El otro es aún más grave y de consecuencias aún inestimables: la canibalización de nuestros sentimientos y la vía libre a la irracionalidad que transparentan las redes. Dejan ver la falta de compasión, comprensión y entendimiento de nuestros propios sufrimientos, desencajados por la impiedad, el rencor y la ira. Al extremo de agradecer y legitimar el asesinato de un semejante, si pertenecía al bando contrario. O llegar al extremo de culparlo por haber sido víctima de un hecho monstruoso.

“Le dieron de su propia medicina”, me comentó alguien. Como si mi amigo Evio di Marzo hubiera sido un asesino. Y no un hombre bueno de un corazón inconmensurable. Ha sido la tónica dominante en las redes: la impiedad, no la compasión; la crueldad, no la simpatía; la ira, no la solidaridad; el prejuicio, no el razonamiento. Se han roto todos los diques espirituales que mantenían la cohesión identitaria de nuestra sociedad y parecemos una jauría de acorralados animales salvajes cuyos instintos de supervivencia han sido trastornados, convirtiendo a nuestros semejantes en miembros de una jauría y a todos nuestros adversarios en mortales enemigos. ¿Qué tiene que ver este imperio de la barbarie con la política? ¿Qué tiene que ver este desfogue irracional y prejuicioso de nuestra emotividad con la voluntad de justicia y libertad que debiera animarnos? Y conste: no he sido ni jamás seré un comeflor. Como el intelectual de ideas liberales que he llegado a ser, he asumido mis responsabilidades de ejercer la autocrítica y la oposición con la mayor radicalidad que he considerado necesaria en función de la extrema gravedad de esta brutal crisis de excepción que nos aflige, con todos los riesgos que ello implica. Y en defensa de nuestros ideales de libertad y justicia he puesto al servicio de mi país todos los conocimientos y experiencias que me facultan para legitimar mis opiniones. Pero una cosa son las ideas y las creencias, el viril y sincero combate ideológico de posiciones, y otra muy distinta desatar los prejuicios y los odios alimentados por la mala fe, el oportunismo y la ignorancia. De cuyos siniestros efectos también nosotros hemos sido víctimas.

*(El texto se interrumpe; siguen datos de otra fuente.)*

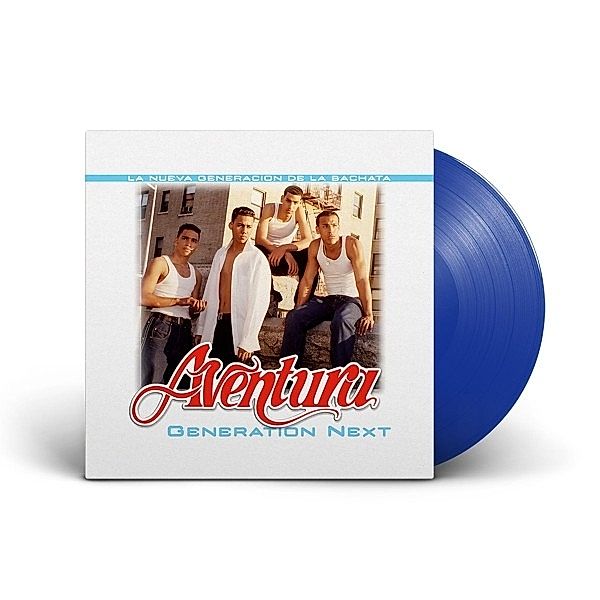 Generation Next (25th Anniversary Edition)(Bluejay (Vinyl), Aventura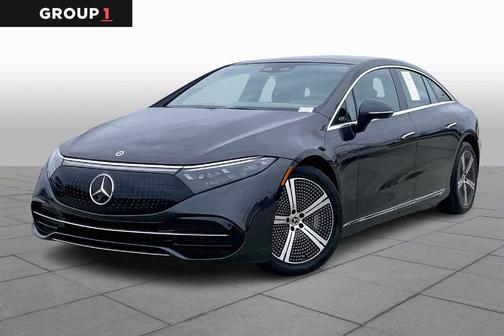 2022 Mercedes-Benz EQS 450+ Base
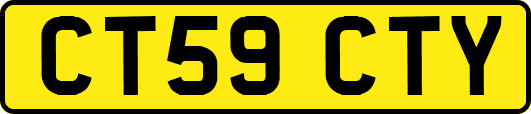 CT59CTY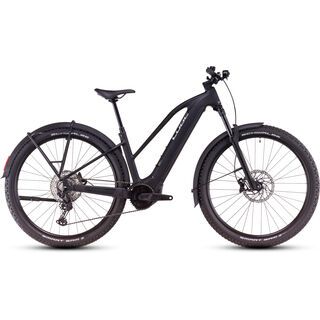 Cube Reaction Hybrid Race 800 Allroad Trapeze 27.5 black´n´metal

Son las babas del diablo, la maldad que se apodera de los individuos aislados cuando son víctimas de su impotencia ante el curso suicida que toman sus élites: la irracionalidad que dicta el fracaso del individuo ante el derrumbe de la cohesión social. La automutilación de nuestros valores civilizatorios más sagrados. La orfandad de respuestas ante nuestra crasa ignorancia. Hemos perdido el control de nuestra pequeña humanidad. Golpeamos a diestra y siniestra cuando algo – una canción, una idea, un comportamiento, una figura estimable – parece ir en contra de lo que quisiera dictarle al universo nuestra propia, mezquina y autoritaria personalidad. Es el triunfo del nazismo que se sustenta, lo descubrieron los judíos alemanes Theodor Adorno y Max Horkheimer, precisamente en la personalidad autoritaria. El enemigo dejó de estar afuera: ya está dentro de nosotros. Que Dios nos ampare.